- EXERCISE AIM -
Your task is to return the data below, word for word.

- SUPPLIED INFORMATION -
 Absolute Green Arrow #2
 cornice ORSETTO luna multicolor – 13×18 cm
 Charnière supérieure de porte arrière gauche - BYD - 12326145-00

- EXERCISE RESPONSE -
 Absolute Green Arrow #2
 cornice ORSETTO luna multicolor – 13×18 cm
 Charnière supérieure de porte arrière gauche - BYD - 12326145-00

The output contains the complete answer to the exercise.